【編集長インタビュー】「JWPのリーダー」コマンド・ボリショイ「25周年 新たな決意」

女子プロレス界の老舗団体「JWP」が25周年を迎えた。浮き沈みの激しいマット界で、特に女子プロレスの世界において四半世紀の歴史は特筆される。4月2日には記念大会(東京・後楽園ホール)を開催。紆余曲折を経て来たJWPの現在のリーダー、コマンド・ボリショイは「長い歴史に負けないように、一歩一歩、確実に歩んでいく」と決意を新たにしている。

――「JWP」旗揚げ25周年を迎えました

ボリショイ 本当に色々ありました。実は今年から選手会が独立して「JWP」を運営しています。これまで以上に幅広く活動できるようになりました。私たち自身で挑戦しやすくなったんです。積極的に、どんどんトライしていきます。

――さまざまなプランがスタートしているそうです

ボリショイ ハイ。まずは「亀アリーナ」をオープンしました。道場を東京・亀有(足立区中川3-14-9)に移転したんですが、ビル全体をオープンにしました。地域の人たちにも気軽に足を運んでほしいんです。

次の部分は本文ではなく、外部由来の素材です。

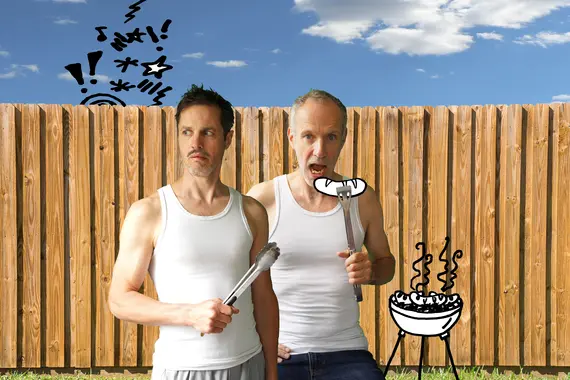 Tuinbazen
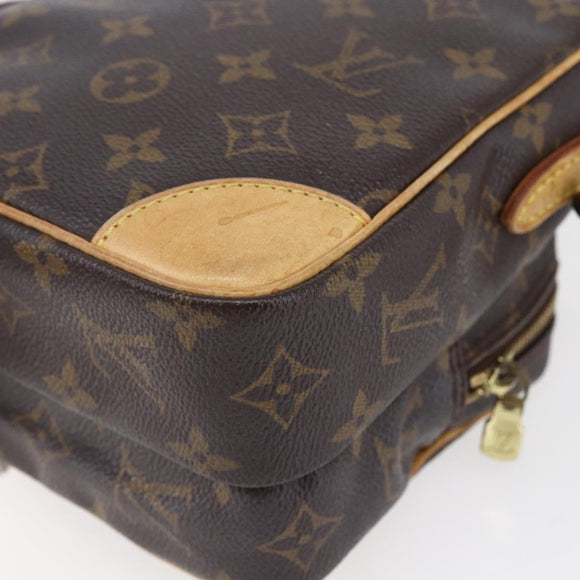 LOUIS VUITTON Monogram Amazon Shoulder Bag M45236 LV Auth 152139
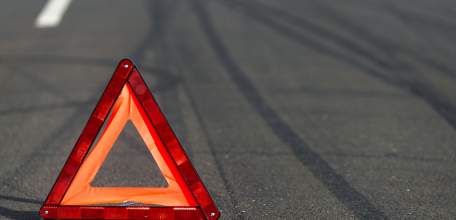 В Елецком районе на автодороге &laquo;Дон&raquo; погиб водитель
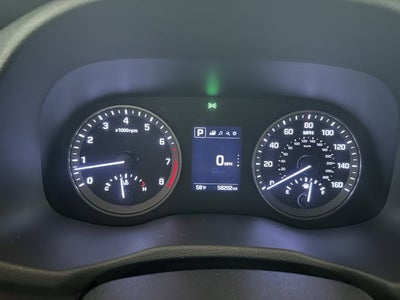 2018 Hyundai Tucson SE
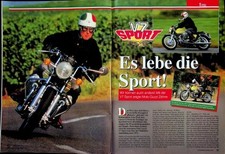 Oldtimer Markt 2125) Moto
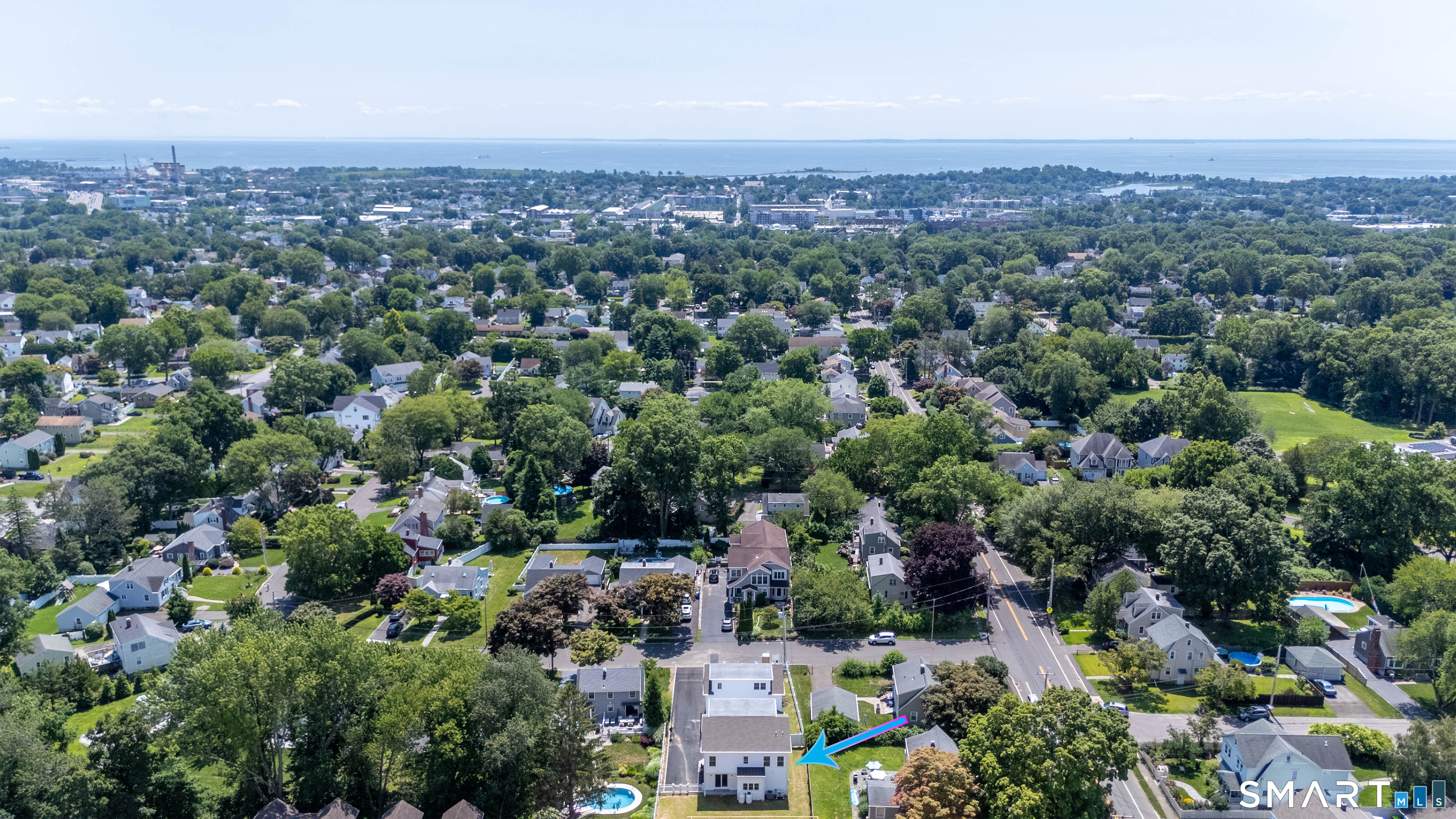 28 Country Road, Unit 28A Fairfield, CT 06824 - Photo 29 of 32 so close to the beach, town, all the wonderful amenities that Fairfield offers.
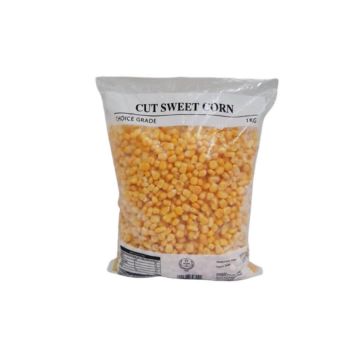 Picture of FLAVAHUB CHOICE GRADECUT SWEETCORN  1kg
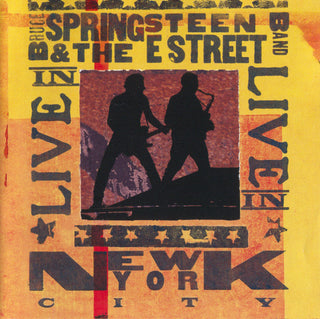 Bruce Springsteen & The E-Street Band- Live In New York City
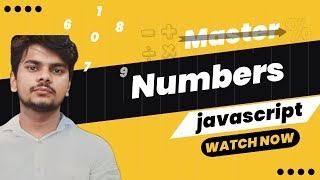 🚀 JavaScript Numbers Explained | Math Functions, Formatting, Rounding & Random Numbers | Video_13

――プロレスラー志望の人たちに加えて、地域の人たちの「集まる場所」ですか?

ボリショイ 一般開放日を設けています。お好きな時間に来て自由にトレーンニング器具を使用できます。私たちが指導もします。女性限定スポーツ教室も実施します。地域に根付き、地域との共存は大切ですからね。イベントも開催します。2月3日には「亀アリーナ初節分&2月誕生会」を開きます。特製ちゃんこなどを用意します。お酒も飲めますよ。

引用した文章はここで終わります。